Nicht nur die Kinder waren begeistert, ich war es auch. Ich wusste: So will ich auch Geschichten erzählen können.

Susanne war eine geduldige Lehrmeisterin in Kursen sowie im Forum, einem Treffen für Religionspädagoginnen, aber auch als Mentorin hat sie gerne ihr Wissen und ihre Erfahrungen an uns weitergegeben.

Sie hat eine besondere Begabung, den Kindern Gott und die biblischen Geschichten nahe zu bringen. Für die Kinder war die Relistunde das „Highlight“ der Woche, Nahrung für ihre Seelen. Viele gute Samen wurden da gesät, die zu ihrer Zeit aufgehen werden. Susanne hat sich an den jeweiligen Schulstandorten über das Unterrichten hinaus für die Kinder engagiert und Friedens- und Kommunikationsarbeit geleistet.

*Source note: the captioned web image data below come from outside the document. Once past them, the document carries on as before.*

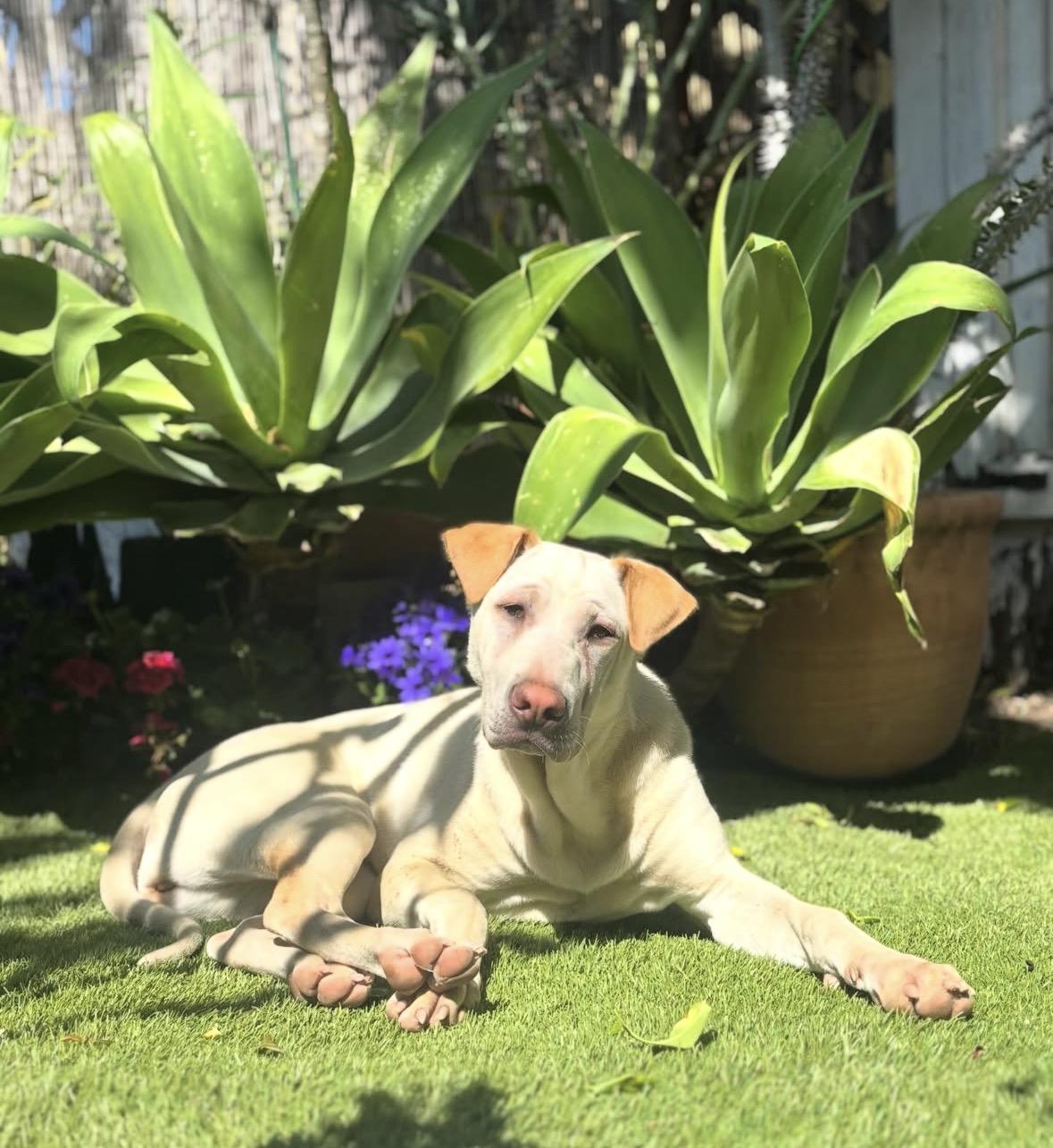 Enlarge Ariel, a Adoptable mixed breed in Pasadena, CA image 6/6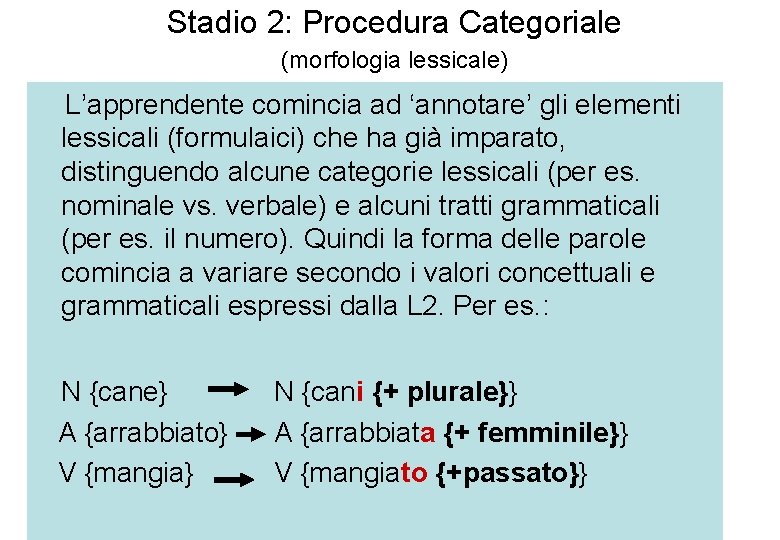 Stadio 2: Procedura Categoriale (morfologia lessicale) L’apprendente comincia ad ‘annotare’ gli elementi lessicali (formulaici)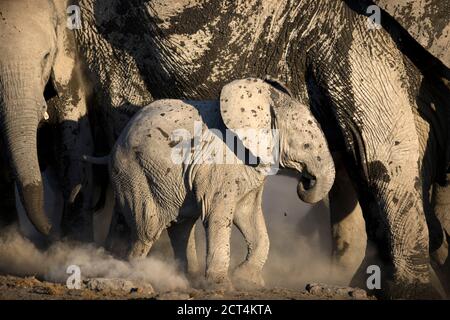 Ein Elefantenkalb im Etosha National Park, Namibia. Stockfoto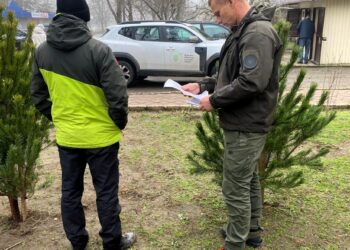 У Миколаєві виявлено незаконний продаж різдвяних ялинок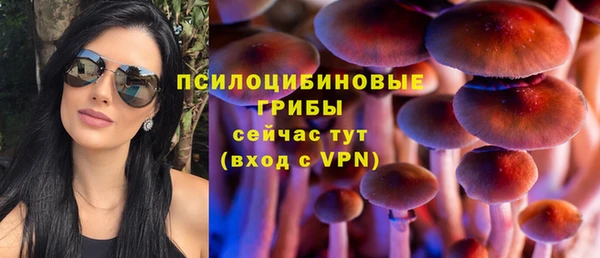 прущие крисы Аркадак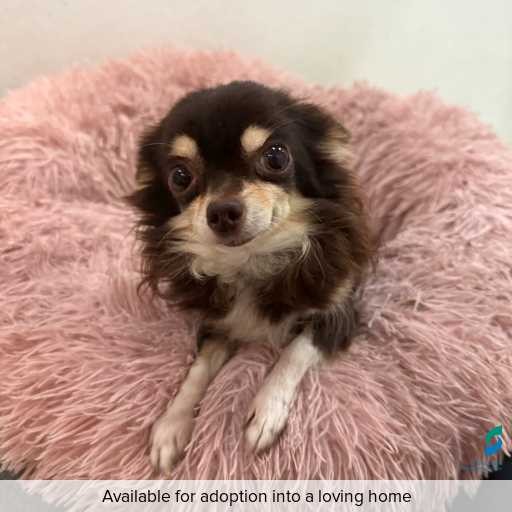 ID: D250199 Photo of this dog.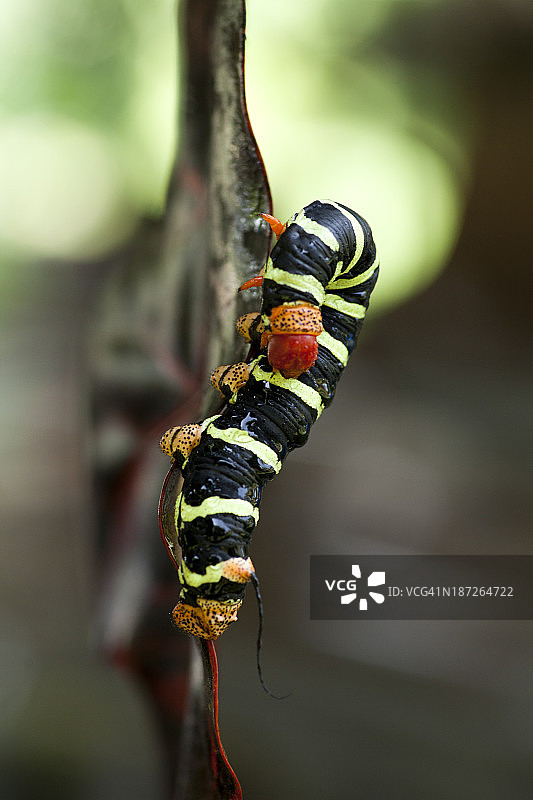毛毛虫图片素材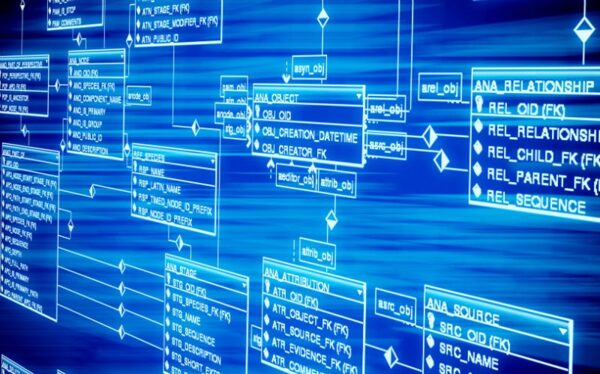 database-la-gi-6 Ví dụ về Database trong thực tế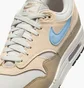 Кроссовки мужские Nike Air Max 1 Beige FZ5808-009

Der Religionsunterricht an der Schule ist ihr Herzensanliegen. So arbeitete sie viele Jahre im Konferenzvorstand mit und wehrte sich vehement gegen die Kürzung der Religionsstunden, die eine Folge der prekären Finanzen unserer Kirche sind. Viel Gutes hat sie bewirkt und erreicht, manches lag nicht in ihrer Hand. Zur Pensionierung im Sommer wünsche ich ihr alles Gute und dass sie sich immer wieder gerne an ihre Zeit im Schulzimmer zurückerinnert.